A special needs trust allows you to use your property for the support of your children with special needs while preventing the squandering of your estate or the loss of their government benefits. It is the best way to assure the needed support when you are no longer around to provide it.
Those with Adult Dependents
The same situation is true if you have adult dependents who are not your children. You may be part of a growing group who also cares for elderly relatives. Just as with any children with special needs, a direct payout to these dependents can eliminate their government benefits.
A trust allows these individuals to benefit from your estate while still receiving retirement income and medical benefits. This may not be possible if you allow for a direct payout from a will or life insurance policy.
Anyone Who Wants to Keep Assets Private
Any information filed in a probate proceeding is public. Inquiring individuals can visit the courthouse and pull information regarding real estate, personal property, and even amounts lingering in bank or investment accounts.

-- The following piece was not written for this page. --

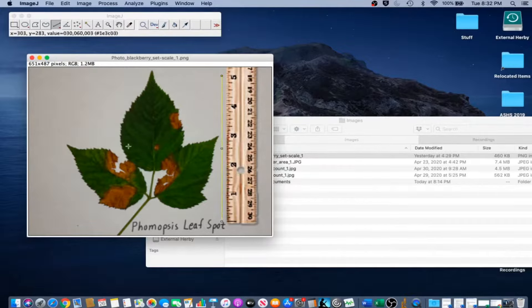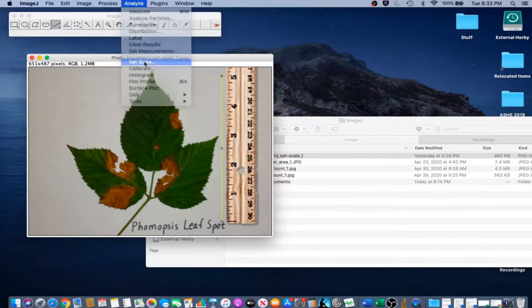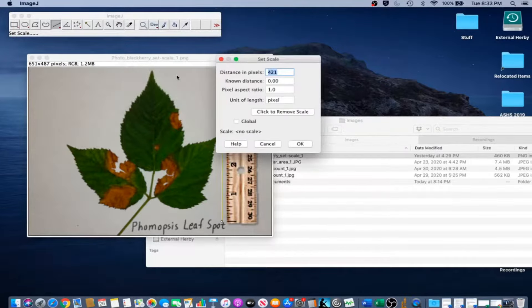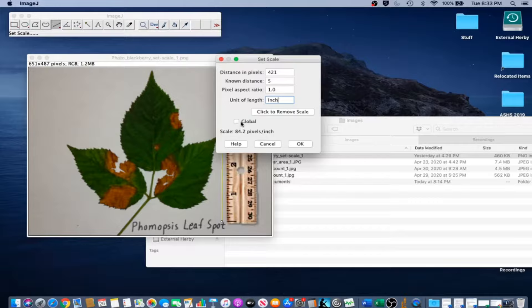Now that the file is open, select the Straight Line tool from the graphical user interface. Draw a line to an object of known size — in this case the 5-inch ruler — holding down Shift to keep the line straight as you do it. Go to Analyze, Set Scale. To set the scale of the line you just drew to 5 inches, change the known distance to 5 and the unit of length to inch. Notice the global box as well. When the global option is checked, the same scale will be applied to all images opened after this, until ImageJ is quit or a new scale is set. This can be useful if a whole set of images were taken at the same scale. Go ahead and click OK.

This is often a concern for high-profile people but also those who went through a nasty divorce or have estranged relationships with family members. It can reduce conflict if you keep your property interests private and unavailable.
However, keep this in mind. While your probate proceeding will be public, it does not expose sensitive information like social security or account numbers. If that is what you are most concerned about privacy-wise, you do not have to be concerned about probate. But if your circumstances are more sensitive, a trust will keep your estate confidential.
Those Facing Estate Taxes
Trusts are most frequently used to control the possibility of estate taxes. In Oregon, any estate valued below $1 million is not taxable. But if a value assessment reveals that your estate is currently worth more than that or has the possibility of reaching that mark, a trust may offer needed tax protection.
Anyone Owning Out-of-State Property
If you own a vacation home or land in another state, your personal representative will have to file an additional probate proceeding to allow it to be liquidated or passed on to a new owner. Placing it in a trust avoids that extra step.
Another solution is to place a joint owner on the property title. If the out-of-state property is the only reason you would benefit from a trust, this is a better solution.
When you visit an estate planning attorney in West Linn, OR she will review your assets, their value, and your preferences for distribution. Depending on your circumstances, you may benefit from a will, trust or a combination of both. Estate planning is flexible in that it can be customized to your individual circumstances so your family benefits from Oregon probate law rather than faces hassle.